Thyroid lipomatosis is a rare disease, as a total of 20 cases have been described in the literature. It is characterized by diffuse infiltration of the stroma by mature adipose tissue and by progressive growth that produces different degrees of compressive symptoms. Our aim is to present the case of a 36-year-old woman who consulted because of dyspnea caused by a multinodular goiter. She underwent surgery with the presumptive diagnosis of a malignant neoplasia, but the pathological examination of the surgical specimen established the diagnosis of thyroid lipomatosis.
Thyroid lipomatosis is a rare, benign disease characterized by diffuse infiltration of the stroma by mature adipose tissue.
The pathophysiology of diffuse proliferation of adipose tissue in the thyroid gland is unclear.

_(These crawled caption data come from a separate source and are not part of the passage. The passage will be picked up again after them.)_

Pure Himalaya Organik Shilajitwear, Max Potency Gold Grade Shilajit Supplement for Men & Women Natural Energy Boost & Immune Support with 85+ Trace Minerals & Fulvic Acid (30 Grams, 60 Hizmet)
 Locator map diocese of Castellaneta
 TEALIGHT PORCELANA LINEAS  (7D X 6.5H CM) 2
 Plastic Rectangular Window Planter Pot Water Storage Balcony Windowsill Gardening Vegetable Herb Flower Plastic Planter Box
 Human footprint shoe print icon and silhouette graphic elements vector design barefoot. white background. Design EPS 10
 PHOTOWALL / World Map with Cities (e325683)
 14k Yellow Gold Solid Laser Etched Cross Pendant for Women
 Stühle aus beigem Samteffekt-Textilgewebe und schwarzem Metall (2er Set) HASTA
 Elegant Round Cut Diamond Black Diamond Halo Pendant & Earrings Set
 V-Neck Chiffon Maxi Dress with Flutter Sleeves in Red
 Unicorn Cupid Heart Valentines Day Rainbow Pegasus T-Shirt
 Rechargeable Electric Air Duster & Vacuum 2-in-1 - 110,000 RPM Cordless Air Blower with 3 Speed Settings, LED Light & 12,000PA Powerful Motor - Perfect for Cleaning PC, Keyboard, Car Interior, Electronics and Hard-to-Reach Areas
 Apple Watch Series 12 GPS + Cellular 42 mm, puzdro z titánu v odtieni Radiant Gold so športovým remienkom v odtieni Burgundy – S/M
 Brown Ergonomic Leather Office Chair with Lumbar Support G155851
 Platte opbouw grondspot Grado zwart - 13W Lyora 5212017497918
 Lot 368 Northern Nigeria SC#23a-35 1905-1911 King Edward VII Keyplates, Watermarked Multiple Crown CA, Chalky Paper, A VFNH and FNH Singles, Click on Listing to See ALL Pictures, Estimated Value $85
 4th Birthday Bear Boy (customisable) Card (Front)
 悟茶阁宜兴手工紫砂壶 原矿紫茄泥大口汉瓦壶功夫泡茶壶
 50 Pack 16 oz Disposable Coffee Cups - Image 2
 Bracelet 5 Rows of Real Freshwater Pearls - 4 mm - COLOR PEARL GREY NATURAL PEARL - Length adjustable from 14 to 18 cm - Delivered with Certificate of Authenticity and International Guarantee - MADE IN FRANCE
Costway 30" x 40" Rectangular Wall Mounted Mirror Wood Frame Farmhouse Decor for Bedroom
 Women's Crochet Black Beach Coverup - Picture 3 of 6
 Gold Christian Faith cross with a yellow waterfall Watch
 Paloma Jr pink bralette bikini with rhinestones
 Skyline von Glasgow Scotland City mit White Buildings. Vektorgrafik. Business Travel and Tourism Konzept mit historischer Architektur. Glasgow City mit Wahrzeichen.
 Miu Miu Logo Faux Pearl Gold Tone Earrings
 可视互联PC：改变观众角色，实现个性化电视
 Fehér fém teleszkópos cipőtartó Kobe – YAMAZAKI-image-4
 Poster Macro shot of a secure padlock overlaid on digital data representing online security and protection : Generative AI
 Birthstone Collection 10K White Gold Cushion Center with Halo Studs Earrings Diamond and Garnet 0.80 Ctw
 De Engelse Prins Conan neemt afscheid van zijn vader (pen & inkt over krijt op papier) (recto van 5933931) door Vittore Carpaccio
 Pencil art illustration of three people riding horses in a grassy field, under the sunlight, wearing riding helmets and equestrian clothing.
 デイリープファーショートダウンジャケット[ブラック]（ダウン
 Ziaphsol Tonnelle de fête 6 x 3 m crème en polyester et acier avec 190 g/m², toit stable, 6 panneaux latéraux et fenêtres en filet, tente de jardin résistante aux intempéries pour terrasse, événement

Thyroid lipomatosis is clinically manifested by a progressive enlargement of the thyroid that can involve the airway and/or upper gastrointestinal tract, producing dyspnea, dysphagia, and changes in the voice.
Given the rapid growth of the lesion, the two main differential diagnoses are anaplastic carcinoma and thyroid lymphoma.
Imaging studies may suggest a differential diagnosis, but a definitive diagnosis generally requires histopathological confirmation after a thyroidectomy.